CFRU-FM
- Guelph, Ontario; Canada;
- Frequency: 93.3 MHz
- Branding: CFRU 93.3 FM

Programming
- Format: Campus/Community radio

Ownership
- Owner: University of Guelph; (University of Guelph Radio - Radio Gryphon);

History
- Founded: 1969 as Radio Gryphon
- First air date: 1973
- Call sign meaning: Frank Ryan U (after founding donor)

Technical information
- Class: A1
- ERP: 250 watts
- HAAT: 53.8 metres (177 ft)

Links
- Website: cfru.ca

= CFRU-FM =

Radio station at the University of Guelph in Canada

CFRU-FM, airing at 93.3 on the FM dial, is a campus radio station based at the University of Guelph in Guelph, Ontario, Canada. CFRU is a volunteer-run campus and community radio station. CFRU is a member of the National Campus and Community Radio Association. The station hosted the 2005 national conference of that organization.

== History ==
Radio at the University of Guelph has a long history dating back to 1939 when there was a credit course in radio broadcasting offered by the Ontario Agricultural College. Radio curriculum was taught at the University of Guelph until the late 1950s.
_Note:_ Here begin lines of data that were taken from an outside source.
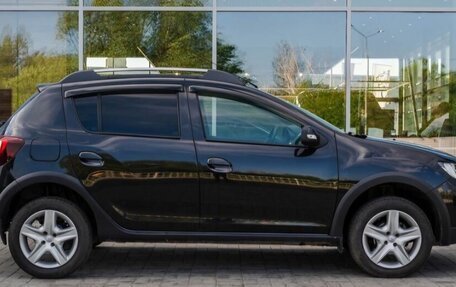 Renault Sandero II рестайлинг, 2016 год, 1 150 000 рублей, 3 фотография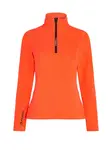 O'NEILL Funkčná flisová bunda  oranžová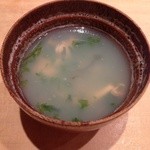 すし家 - Ｈ27.3 お椀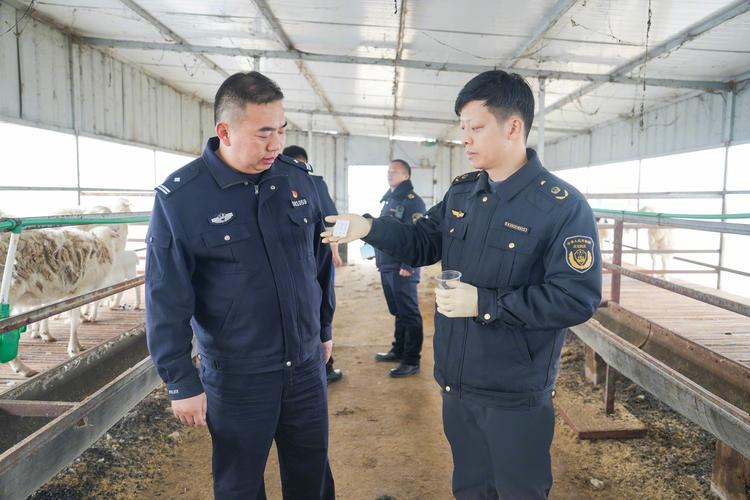 农业部质量安全监管局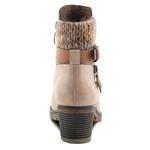 Женские ботильоны Spring Step Rene Spring Step, светло-бежевый - фото 5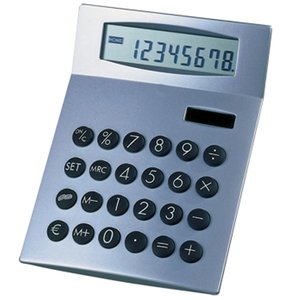 DISC 8 Digit Desk Calculator Main Image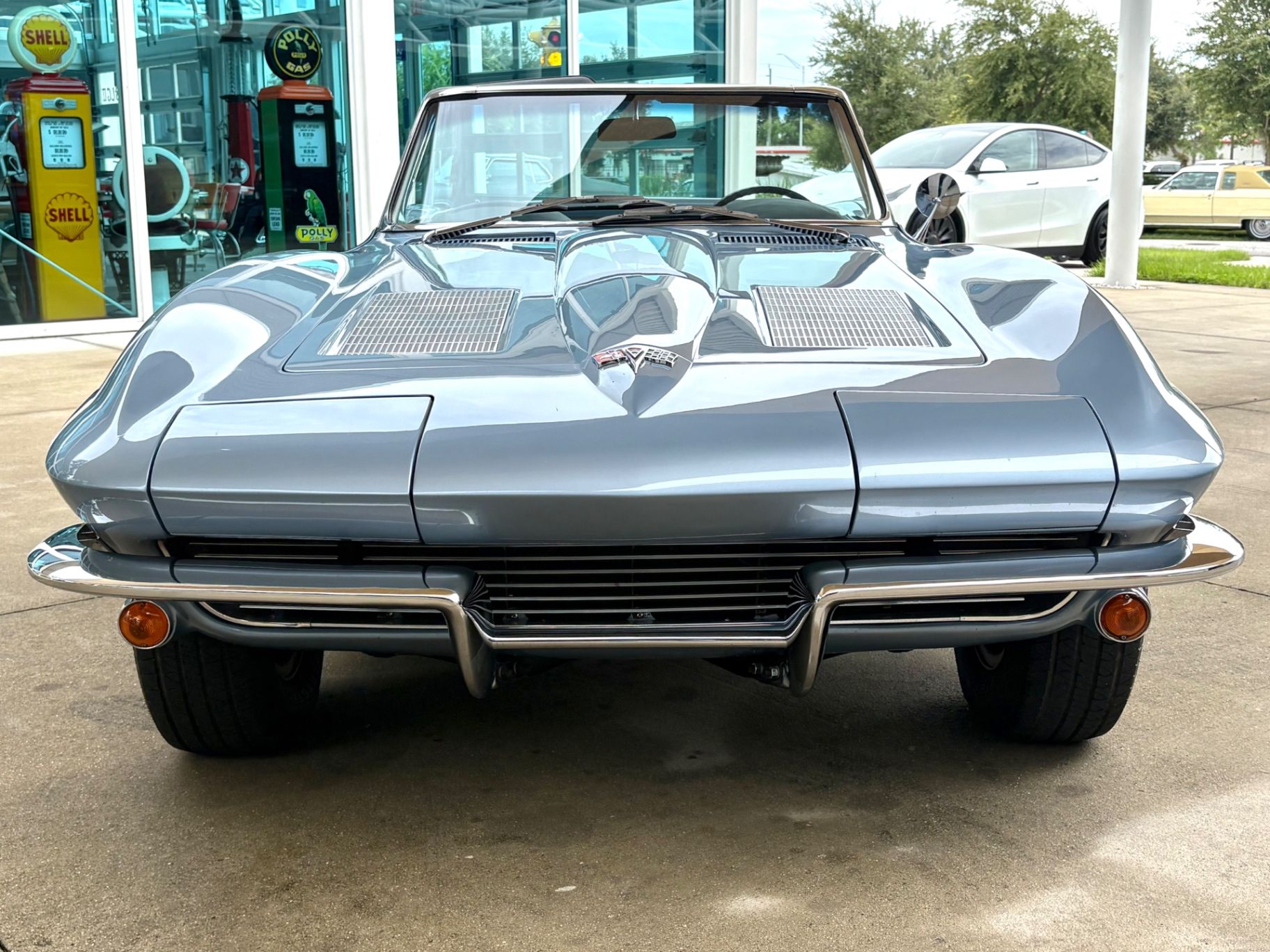 1963 Chevrolet Corvette Sting Ray 327 V8 L76, foto 2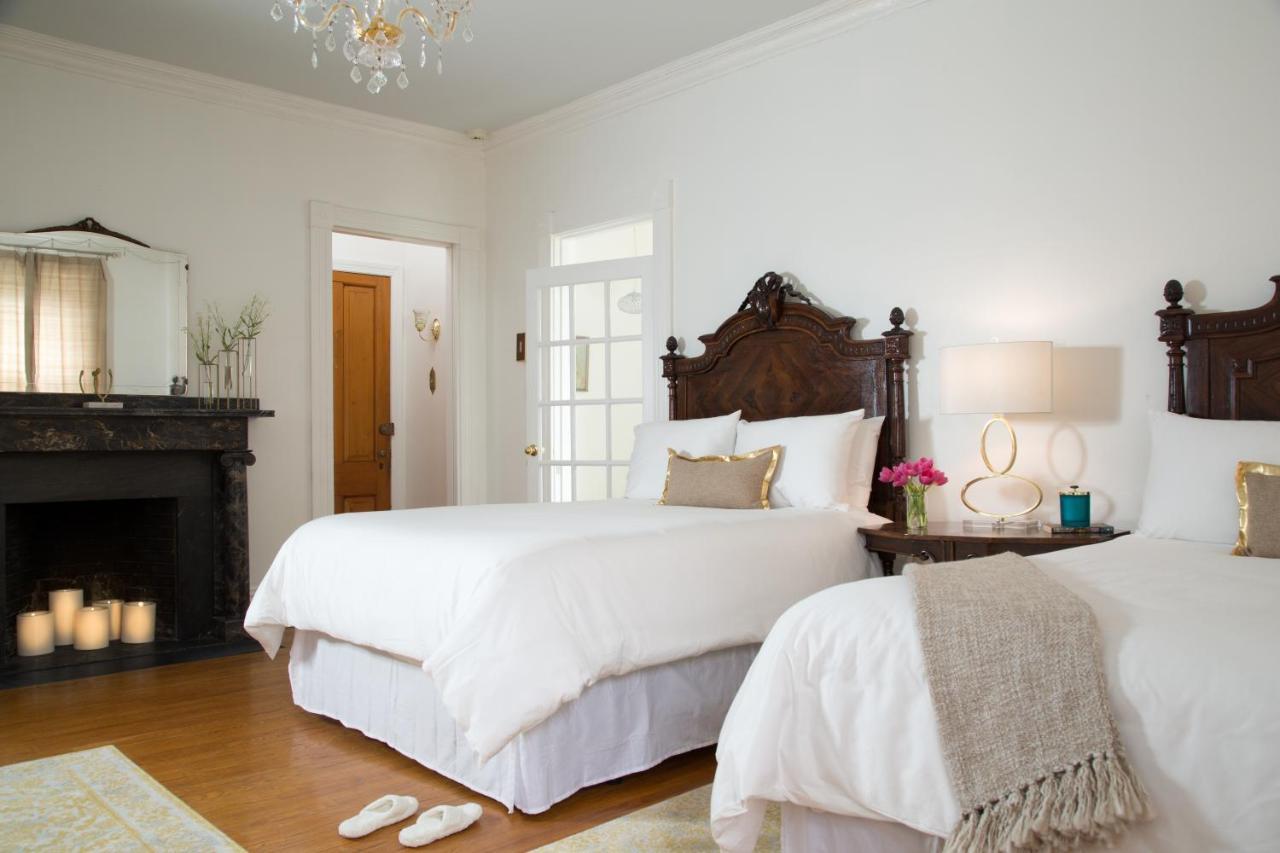 Akwaaba Philadelphia Bed and Breakfast Esterno foto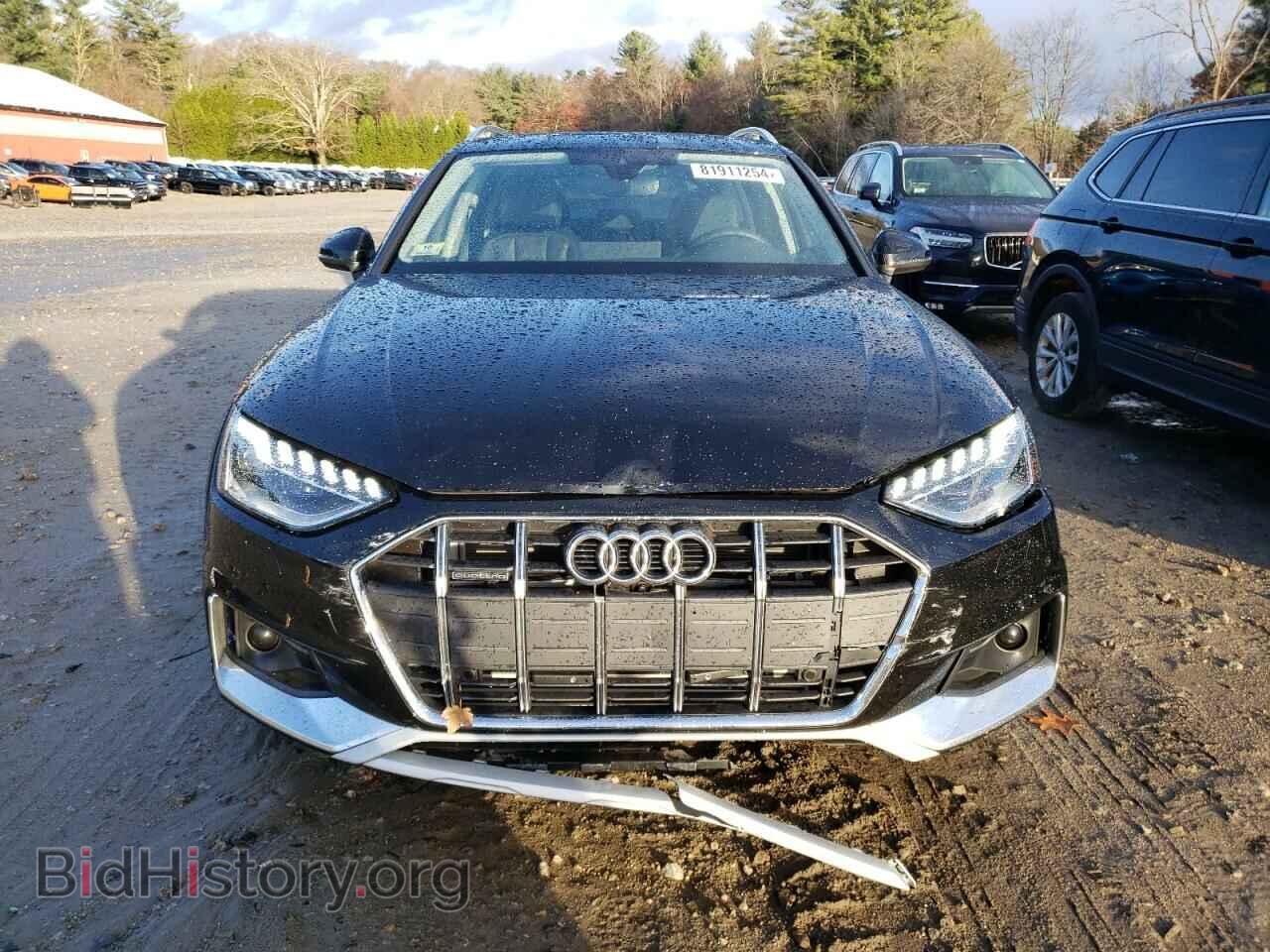 2024 AUDI A4 - VIN: WA18AAF48RA024791 - Фото 5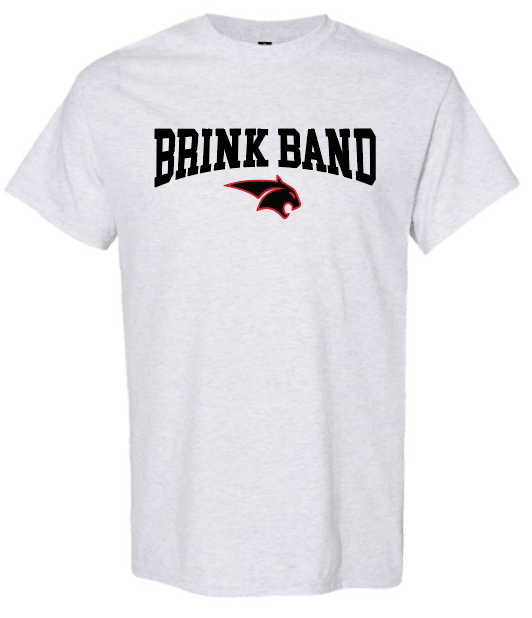 Brink Band S/S T-shirt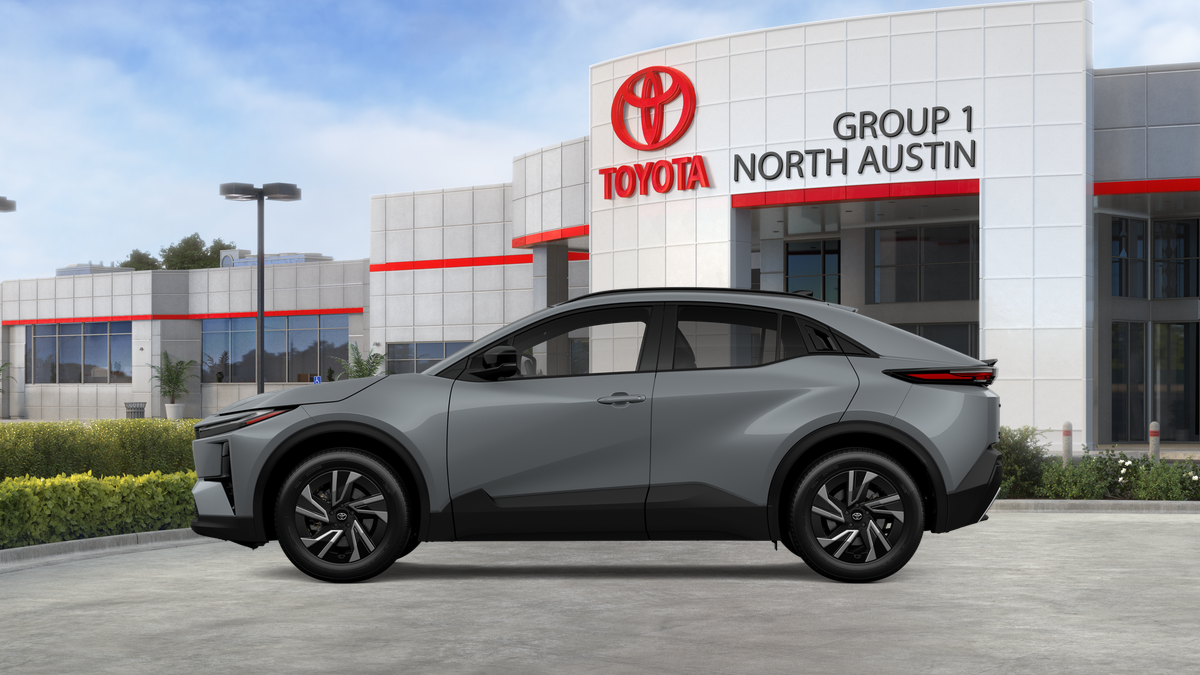 New 2026 Cement Toyota SE image 4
Throughout the late 1950s and early 1960s various colleges at the University of Guelph produced a half-hour radio program for CJOY in a sound booth in the Massey Hall drama practice theatre.

In 1965, broadcast executive Frank Ryan, a former member of the university's Board of Governors, bequeathed the university $25,000 in his will to launch its own radio station.

In 1969, Room 102 of the Physical Sciences Building became a radio studio as Radio Gryphon began regular programming to cafeterias and student lounges through a closed circuit system. CJOY programming discontinued.

In September 1970, Radio Gryphon experimented with on-campus AM broadcasting and Radio Gryphon was added to Guelph cable FM system (105.7 FM). In November 1970 the Department of Communications shut down Radio Gryphon for operating a radio broadcasting station without a licence.

In 1973, CFRU was awarded an AM licence to broadcast on campus at 820 kHz. In 1974 CFRU moved into new studios in the University Centre. CFRU was the first group to move into the new University Centre.

It moved to its current FM frequency in 1980, broadcasting a 50 watt signal until 1991. In that year, the station expanded its signal to 250 watts, enabling it to reach the Kitchener-Waterloo region. In 2005 CFRU celebrated 25 years as an FM broadcaster in Canada with a series of concerts and community events.

On April 24, 2008 CFRU began broadcasting in a newly revamped on-air studio, updating the technological operations of the station to provide better and smoother programming.

== Programming ==
CFRU offers a wide range of programming including an eclectic mix of music shows, alternative and international news shows, spoken word shows, and foreign language programming.

CFRU broadcasts in English, Spanish, Mandarin, Cantonese, Turkish, Polish, Persian, and Dari. CFRU's music programs feature a variety of musical genres including hip-hop, punk, metal, salsa, drum and bass and reggae. Overall it plays a wide variety of Canadian and independent music.

CFRU holds its annual membership drive, Raise Your Voice, in October.